The sporting goods market situation continues to be pretty bad in Portugal. Sport Zone, the country’s biggest sporting goods retail chain, is trying to fight back. It is also going ahead with the opening of new stores at home and abroad, but this program is being hampered by another serious problem: the international real estate crisis.

Sport Zone belongs to the huge Sonae Group, which operates other types of stores and several shopping centers around Europe. Paulo Azevedo, Sonae’s chief executive, has defined internationalization as a priority for the group, aiming for operations abroad to represent 25 percent of the group’s total specialty retail sales and 35 percent of the total assets by 2012.

Sport Zone, which has already reached a dominant position on the Portuguese market, is one of the main banners designed for this strategy. Sport Zone was considering entering the Turkish market, opening its first store in Istanbul last May in a new mega mall, but the financial crisis has placed that real estate project on hold.
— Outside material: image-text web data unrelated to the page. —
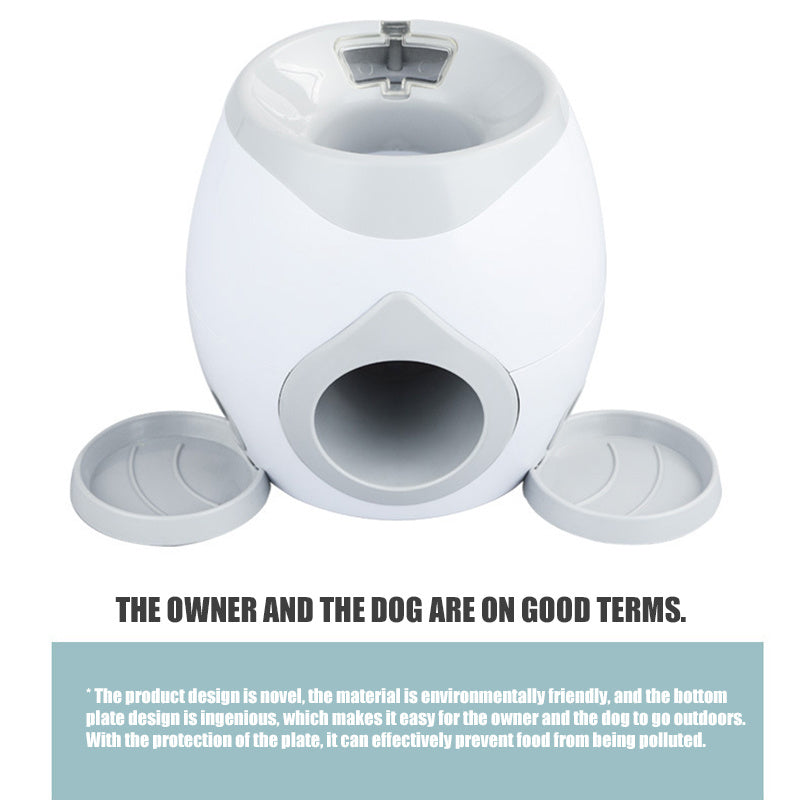Tennis food reward machine 946202521326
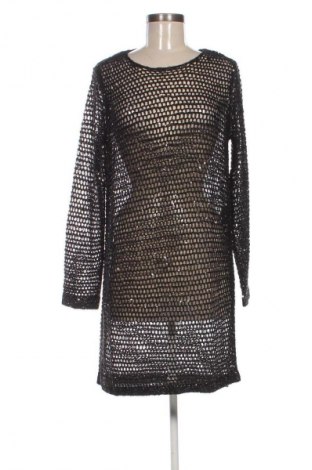 Φόρεμα Vero Moda, Μέγεθος M, Χρώμα Μαύρο, Τιμή 24,99 €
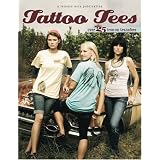 Tattoo Tees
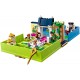 LEGO DISNEY 43220 Cuentos e Historias: Peter Pan y Wendy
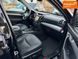 Kia Sorento, 2014 р., Дизель, 173 тис. км, Позашляховик / Кросовер, Чорний, Івано-Франківськ AT-10408364 фото 8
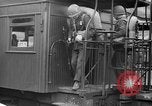 Image of United States Marines Australia, 1945, second 10 stock footage video 65675077694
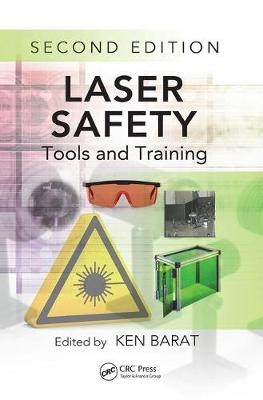 Laser Safety - 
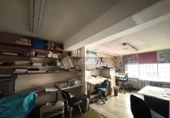 Oficina
en venda
amb 44m² a Logronyo foto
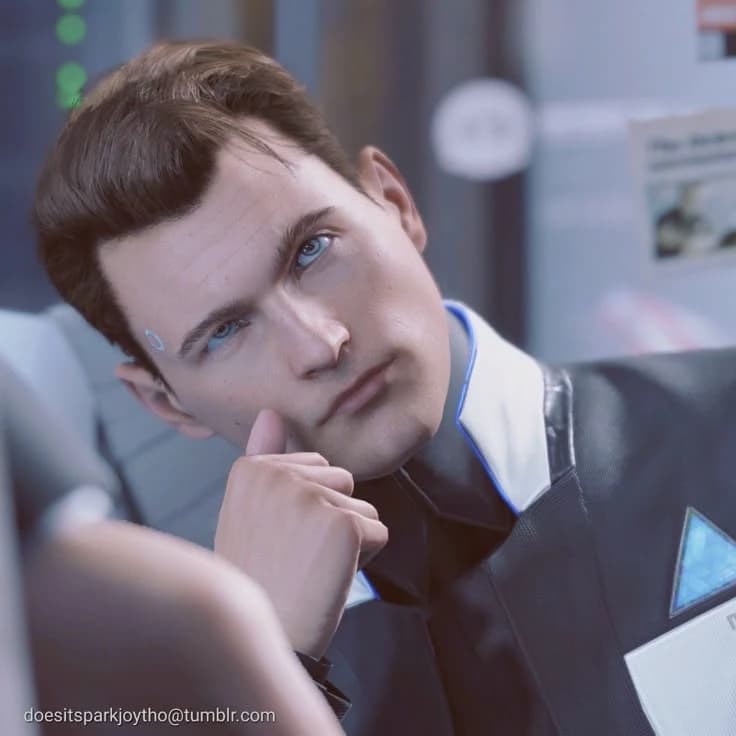 RK-900 thumbnail
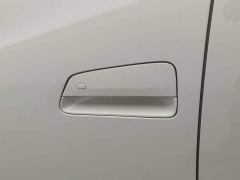 BYD Seagull 305km Freedom Edition - photo 18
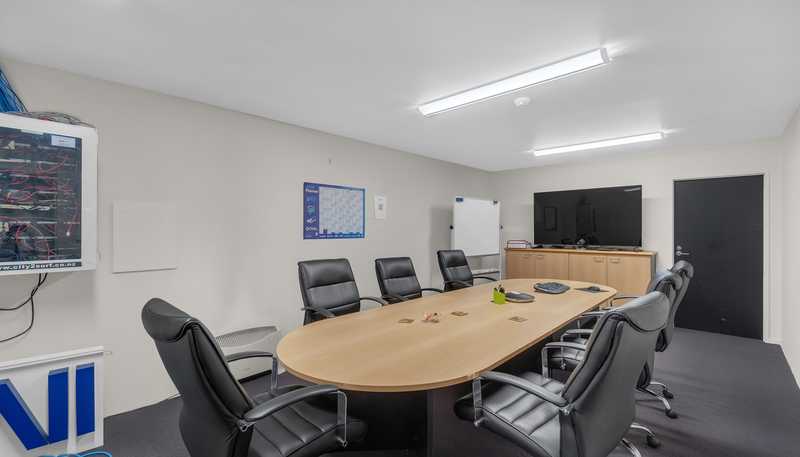 12 Venture Place, Middleton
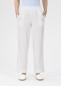 Preview: offwhite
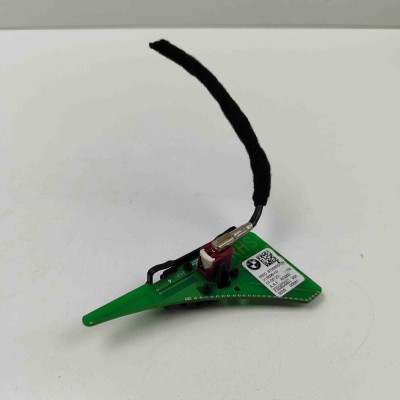 Amplificator de antena BMW iX I20 2022 OEM: 8705920 foto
While the development of new shopping centers is getting the brake more in emerging markets, where the financial situation is more serious, several new projects have also been delayed or canceled in Iberia. Thus, officials of Sport Zone are no longer certain whether it will be able to open six more stores in Portugal and six more in Spain as previously planned. For the balance of the year, most of its investments will go into the remodeling of existing units.

For the moment, Sport Zone operates 70 stores in Portugal, four more than at the end of 2008, and 10 in Spain. All the Spanish stores have been opened in the last months and their performance so far has not been the same in every region. For instance in Corunna, where the client is similar to the Portuguese, the business is doing well, while in Madrid the consumer is very different from what Sport Zone is used to and it was necessary to make some adjustments.

Other than that, company officials say they have been suffering from an ongoing recession in the Portuguese sporting goods market, with some important brands recording sales declines of up to 40 percent in their own stores, especially in the medium price range. Many other retailers have closed their shops.

Sport Zone has continued to grow, but not at a double-digit rate as before, and the margins are lower. The chain has been reacting to the consumer recession by giving a further boost to its own private-label programs in terms of product ranges and marketing. This strategy has been applied to some of the other banners operated by Sonae in other sectors, and it seems to be working.

Sonae’s results for the first half of this year show a 7 percent increase in the group’s total turnover. Operating income before amortization and depreciation (Ebitda) rose by 16 percent to €272 million for the group, with 12 percent growth for continuing operations. Net profit went up to €29 million.

While its revenues from shopping centers declined by 4.2 percent to €79 million, or by 1 percent on a comparable basis, the group’s food retail stores saw their sales rise by 7.0 percent. The specialty retail segment, to which Sport Zone belongs, had the best performance, recording growth of 24.7 percent to €473 million, but its Ebitda fell by 83.4 percent to €2 million. On a comparable store basis its sales were down by 3 percent for the six-month period, however, but up by 2 percent in the second quarter.

Besides Sport Zone, Sonae’s specialty retail business includes banners such as Worten (electronics and household appliances), Loop (shoes), Modalfa and Zippy (apparel). Together, these operations had a total turnover of €316 million in 2008, and Sport Zone was the biggest contributor with a turnover of €204 million, or 64.5 percent of the total specialty retail segment. Sport Zone, Worten and Zippy all have some stores abroad, and they represented more than 10 percent of the segment’s turnover in the first half of 2009.

The Portuguese island of Tavira will be the venue next Sept. 24-27 for a new event, the Sport Zone Experience, where consumers will be able to participate in 40 different sports over a surface of 100,000 square meters.